Amed saldırısı ve hasta tutsaklara muamele Meclis gündeminde

HDP Amed Milletvekili Ziya Pir, partisinin Amed'deki mitingine dönük saldırı ve hasta tutsaklar hakkında Adalet Bakanı Kenan İpek ve İçişleri Bakanı Sebahattin Öztürk'e soru önergeleri verdi.

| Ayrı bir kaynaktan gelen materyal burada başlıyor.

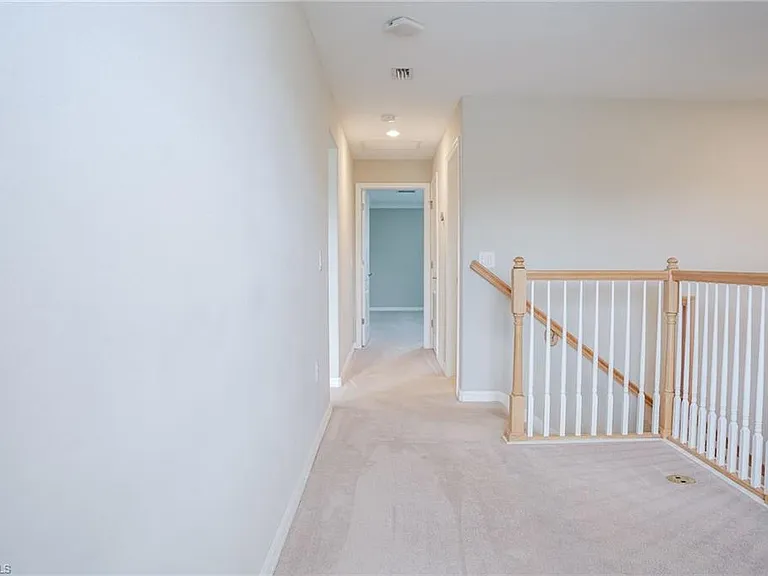 1573 Vizcaya Ln — Photo 10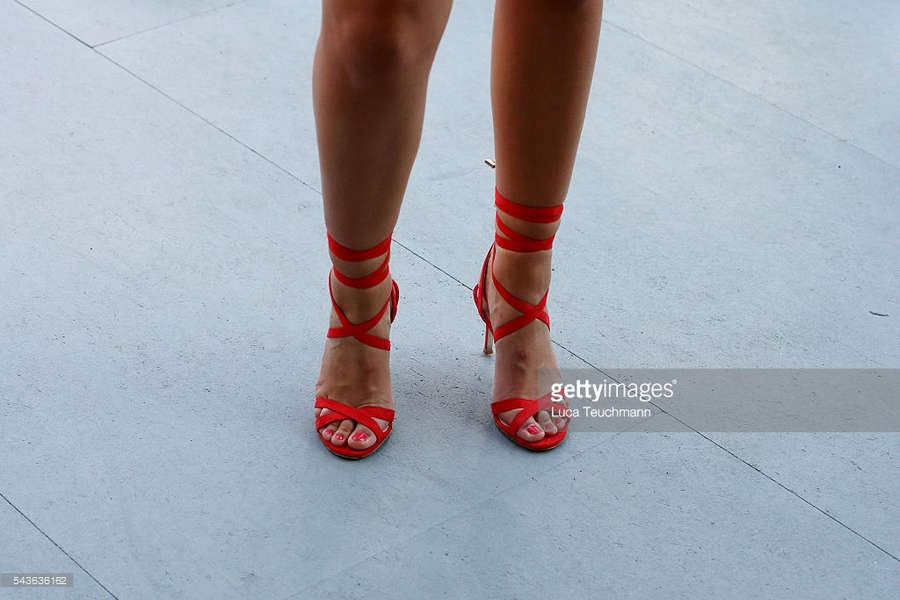 Stefanie Giesinger Feet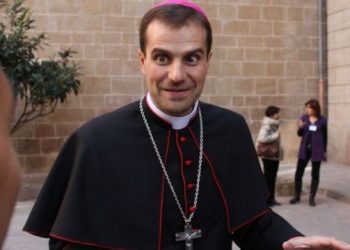 OBISPO RENUNCIA AL CARGO TRAS ENAMORARSE DE UNA ESCRITORA DE LIBROS ERÓTICOS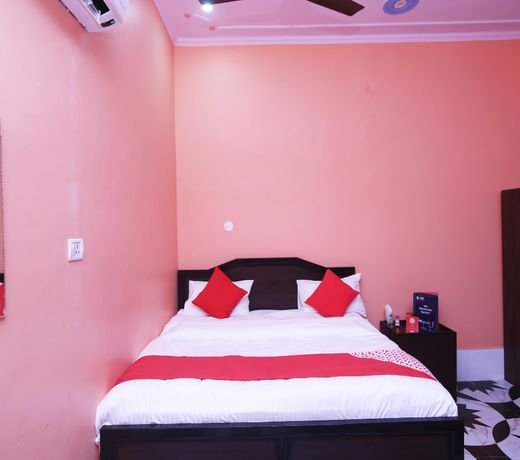 OYO 22221 Yadav Hotel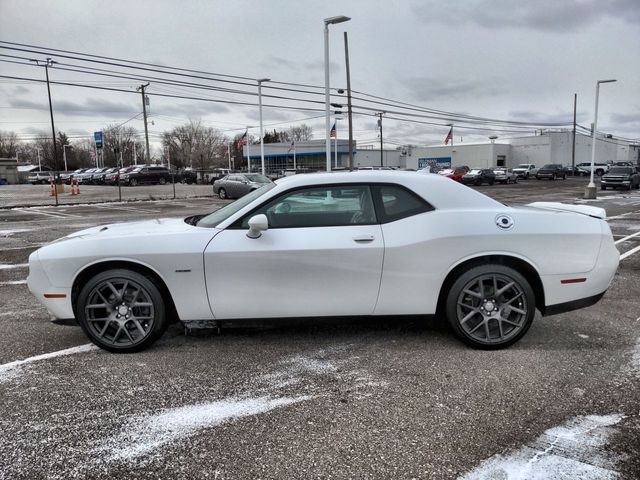 2016 Dodge Challenger R/T Plus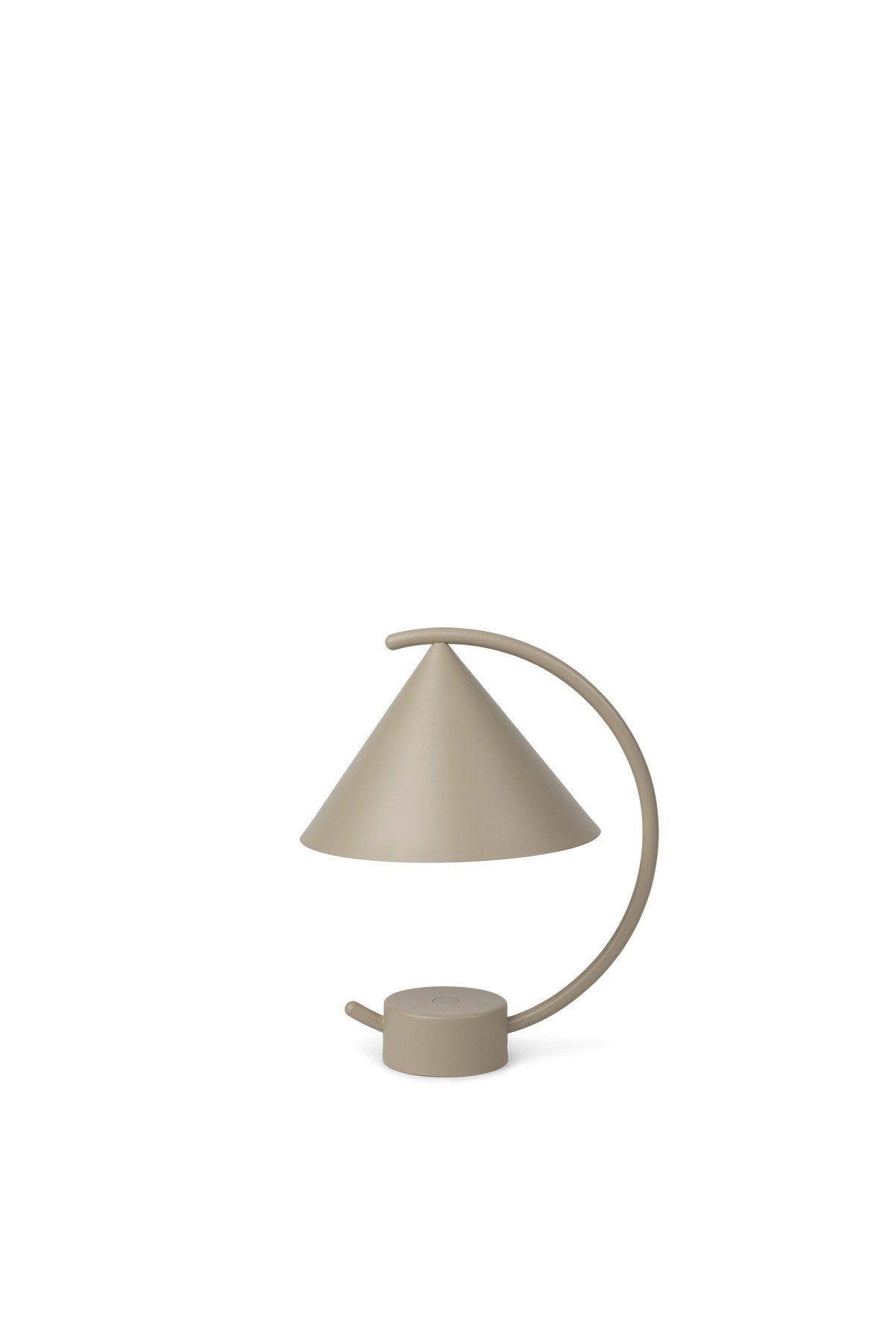 Meridian Lampe tragbar in Kaschmir präsentiert im Onlineshop von KAQTU Design AG. Tischleuchte ist von Ferm Living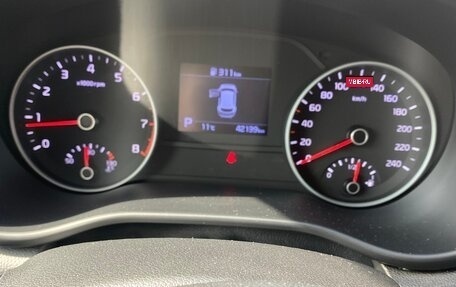 KIA Sportage IV рестайлинг, 2020 год, 2 430 000 рублей, 8 фотография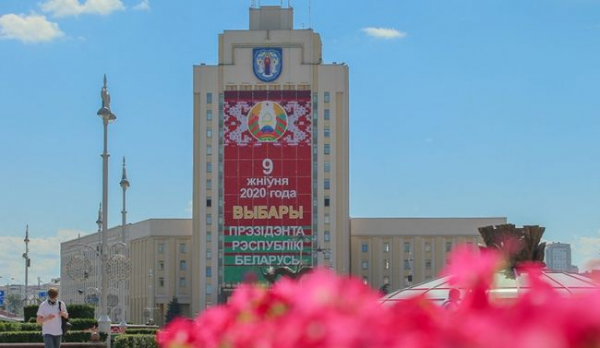 ЦИК Белоруссии: более 40% избирателей проголосовали заранее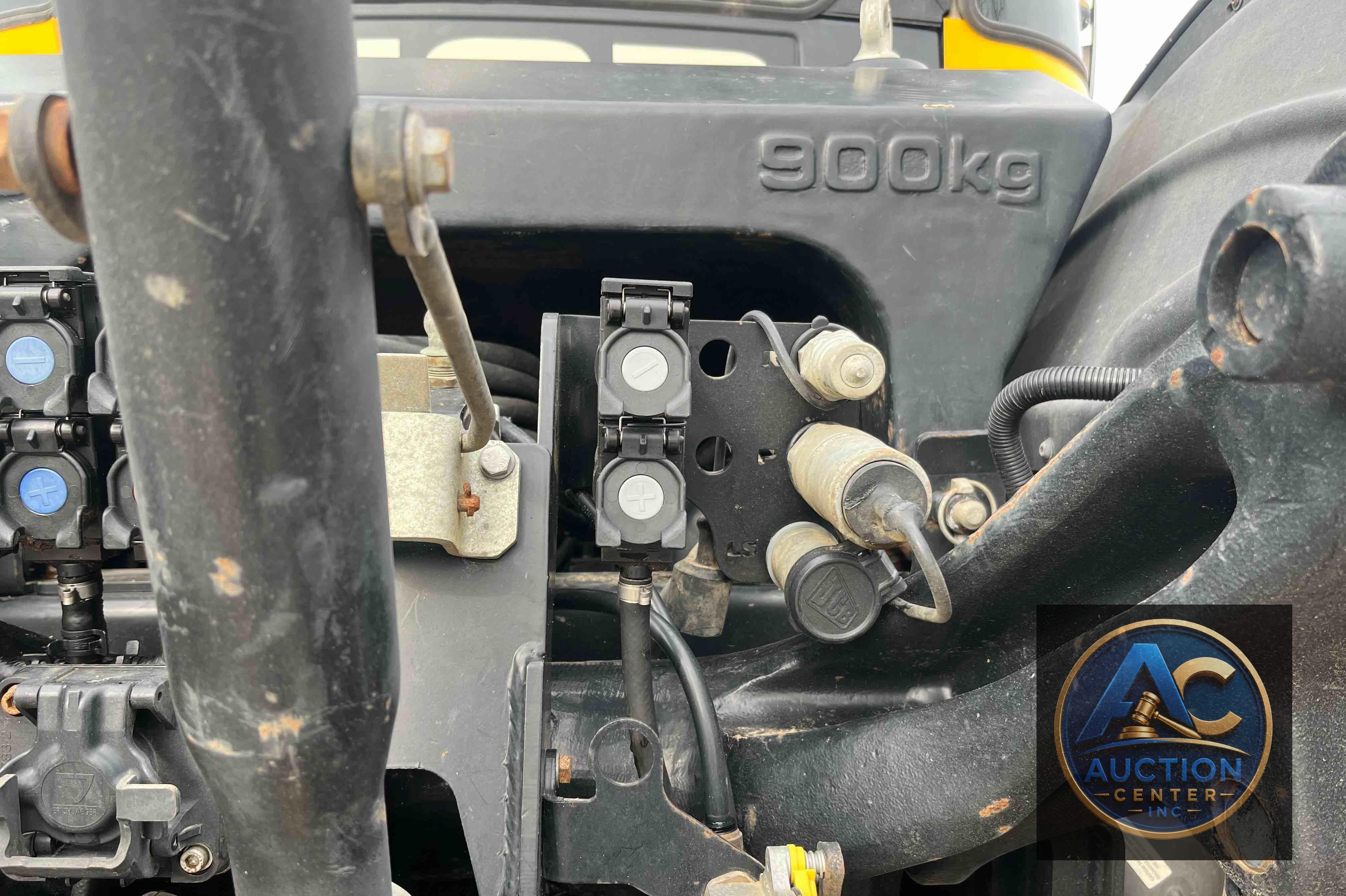 2020 Jcb 4220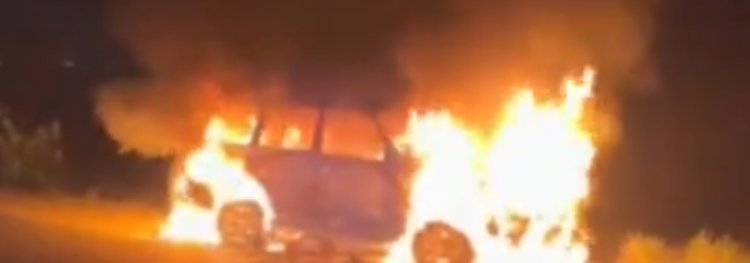 कार में लगी आग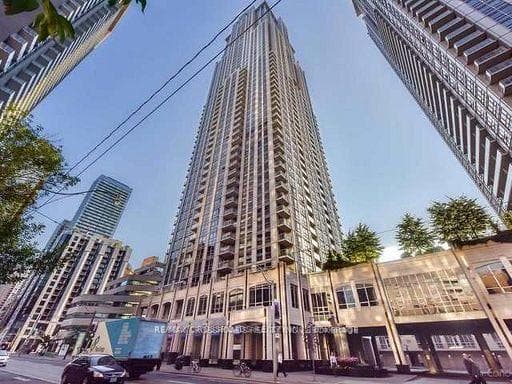 763 Bay Street Unit 3111, Downtown Toronto / Waterfront, ON M5G 2R3 - Photo 1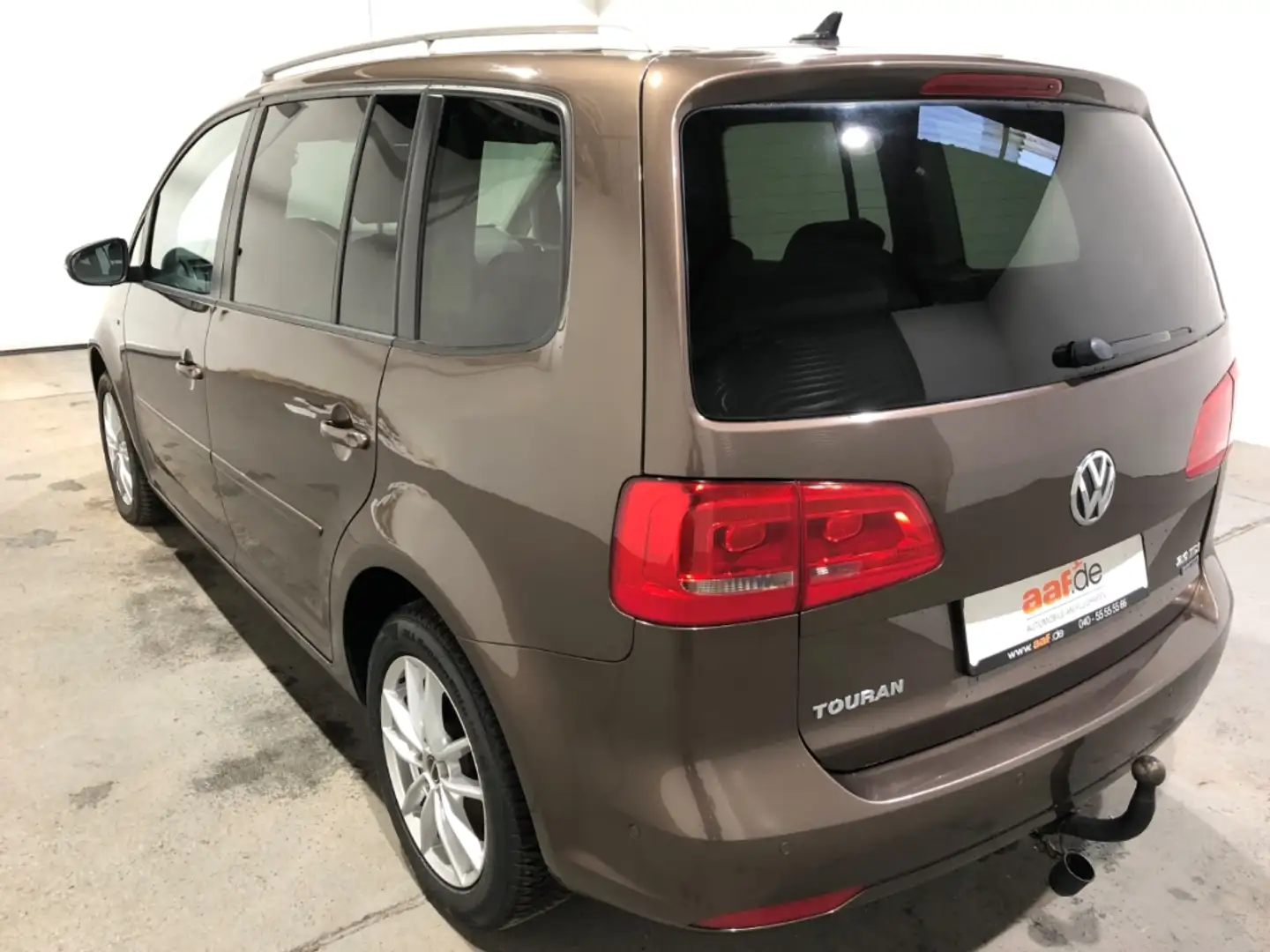 Volkswagen Touran 2.0 TDI DSG Life 7-Sitzer Navi Klima PDC Brązowy - 2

HDP Amed Milletvekili Ziya Pir, partisinin Amed'deki mitingine dönük saldırı ve hasta tutsaklar hakkında Adalet Bakanı Kenan İpek ve İçişleri Bakanı Sebahattin Öztürk'e soru önergeleri verdi.

TUTSAKLAR NELER YAŞIYOR?

Pir, Amasya E Tipi Kapalı Cezaevinde bulunan tutsakların çeşitli hak ihlallerine maruz kaldıklarına ilişkin Özgürlükçü Hukukçular Derneği’nin(ÖHD) Ankara Şubesine başvuru yaptıklarına dikkat çekerek, şunları aktardı: "Yapılan başvurular üzerine; 01.07.2015 tarihinde Amasya E Tipi Kapalı Cezaevine yerinde tespit yapmak üzere giden ÖHD’lilerin yayımladığı rapora göre; söz konusu cezaevinde D-5 ve D-8 koğuşunda tutsaklar yaklaşık son 1 aydır cezaevi idaresi tarafından zorunlu olarak cezaevi-hükümlü kimliği taşıma ve gösterme uygulamasının getirildiğini, cezaevi içerisinde bu kimliklerin tutuldukları koğuş dışındaki tüm yerlerde (ortak alan, sosyal faaliyet alanı, telefon görüşmeleri, ziyaretçi görüşmeleri gidiş gelişlerinde) sürekli olarak mahpuslarca görevliye göstermek suretiyle cezaevi idaresince zaruri kılındığını, bu uygulamaya uymadıklarından  ötürü mahpusların sosyal faaliyetlere, ortak alana, revire ve doktor kontrolüne çıkarılmadıklarını böylelikle kendilerinin fiili tecride maruz bırakıldıklarını' belirtmişlerdir."
Pir, tutsakların ayrıca bulundukları cezaevinde sağlık haklarının uzun süredir çok ağır şekilde ihlal edildiğini, cezaevinde bulunan revire dahi taleplerinin ardından çok uzun bir süre sonra çıkarıldıklarını, etkili bir tedaviye tabi olmadıklarını, ilaçlarını geç temin edip ya da hiç temin edemediklerini, götürüldükleri Amasya Devlet Hastanesi'nde de tedavi esnasında kelepçelerinin açılmadığını ve bu nedenle sağlık haklarının çok ciddi ve keyfi bir şekilde ihlal edildiğini, kötü muamele, işkence ve onur zedeleyici eylemlere maruz kaldıklarını ifade ettiklerini bildirdi.
Tutsakların, Amasya Cezaevinde kısa süre önceye kadar başgardiyan olarak bulunan Ünal Kalleci isimli gardiyanın sürekli olarak kendilerine kötü muamelede bulunduğunu, keyfi aramalar yaptığını, aramalar esnasında sürekli olarak tutsaklara yönelik provakatif hareketlerde bulunduğunu, mahpusların mahpus yaşamını zorlaştırdığını beyan ettiklerini de kaydeden Pir, "Ünal Kalleci isimli gardiyanın son dönemlerde revirde görevli olduğunu, Ünal Kalleci'nin revirde olmasından ötürü görevini kötüye kullanarak mahpusların revire çıkışlarını engellediğini, tutsaklara sürekli olarak zorluk çıkarttığını, ilaç teminini geciktirip ya da tamamen engellediğini dile getirmişlerdir" diye ekledi.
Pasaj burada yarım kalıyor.